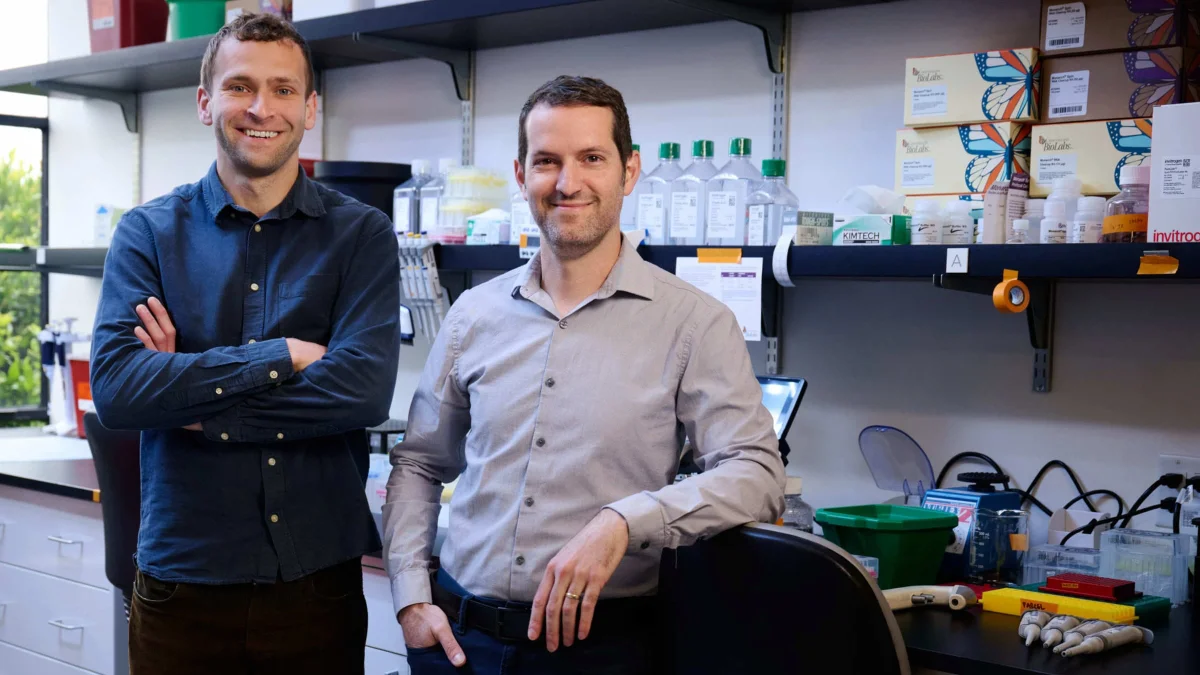 mRNA Therapies Set for Breakthrough as Startup Targets Durability Challenges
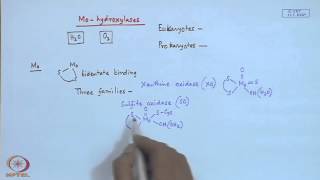 Mod22 Lec22 Molybdenum Enzymes  I [upl. by Janella]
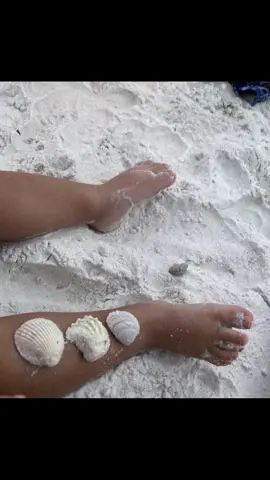 Little recap ☀️☀️ #fypシ゚viral #paratii #florida #sarasota #siestakey #Summer #vacation #beach #playa #familytime 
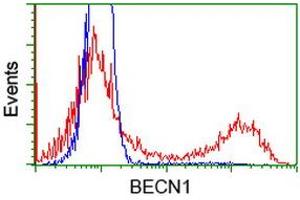 Flow Cytometry (FACS) image for anti-Beclin 1, Autophagy Related (BECN1) antibody (ABIN1496869) (Beclin 1 anticorps)
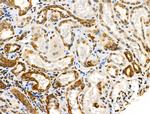 Phospho-Cytokeratin 18 (Ser53) Antibody in Immunohistochemistry (Paraffin) (IHC (P))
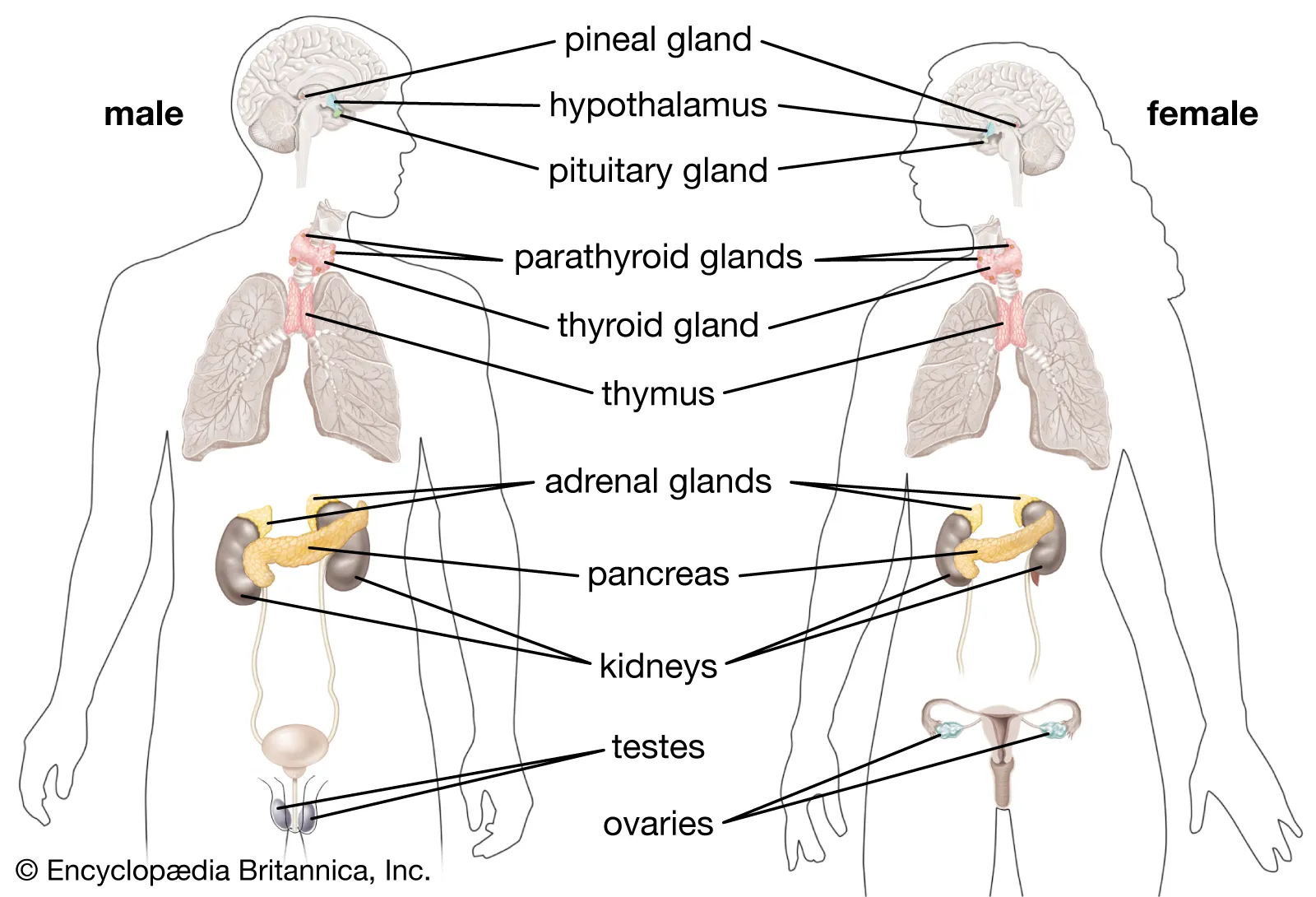 <p>Regulates cells using hormones, with wide effects and targets all cells</p>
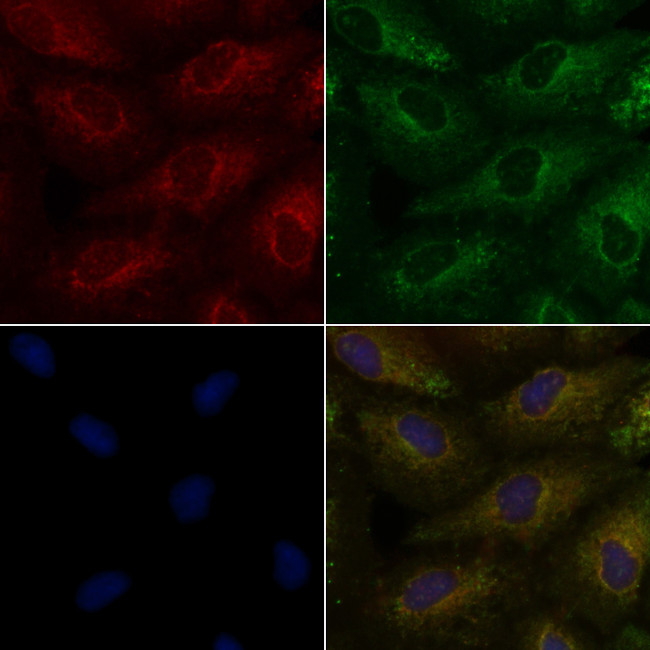 TAS2R9 Antibody in Immunocytochemistry (ICC/IF)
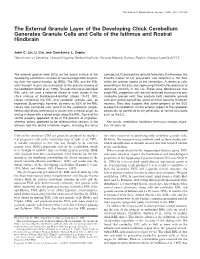 The External Granule Layer of the Developing Chick Cerebellum Generates Granule Cells and Cells of the Isthmus and Rostral Hindbrain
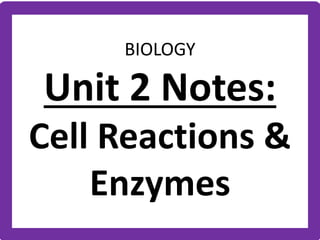 BIOLOGY
Unit 2 Notes:
Cell Reactions &
Enzymes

EXERCISE INSTRUCTIONS: Copy out all the data exactly. No images belong in the copy.

RESPONSE:
 mRNA Therapies Set for Breakthrough as Startup Targets Durability Challenges
 Mod22 Lec22 Molybdenum Enzymes  I [upl. by Janella]
 Little recap ☀️☀️ #fypシ゚viral #paratii #florida #sarasota #siestakey #Summer #vacation #beach #playa #familytime 
 Flow Cytometry (FACS) image for anti-Beclin 1, Autophagy Related (BECN1) antibody (ABIN1496869) (Beclin 1 anticorps)
 Phospho-Cytokeratin 18 (Ser53) Antibody in Immunohistochemistry (Paraffin) (IHC (P))
 <p>Regulates cells using hormones, with wide effects and targets all cells</p>
 TAS2R9 Antibody in Immunocytochemistry (ICC/IF)
 The External Granule Layer of the Developing Chick Cerebellum Generates Granule Cells and Cells of the Isthmus and Rostral Hindbrain
 BIOLOGY
Unit 2 Notes:
Cell Reactions &
Enzymes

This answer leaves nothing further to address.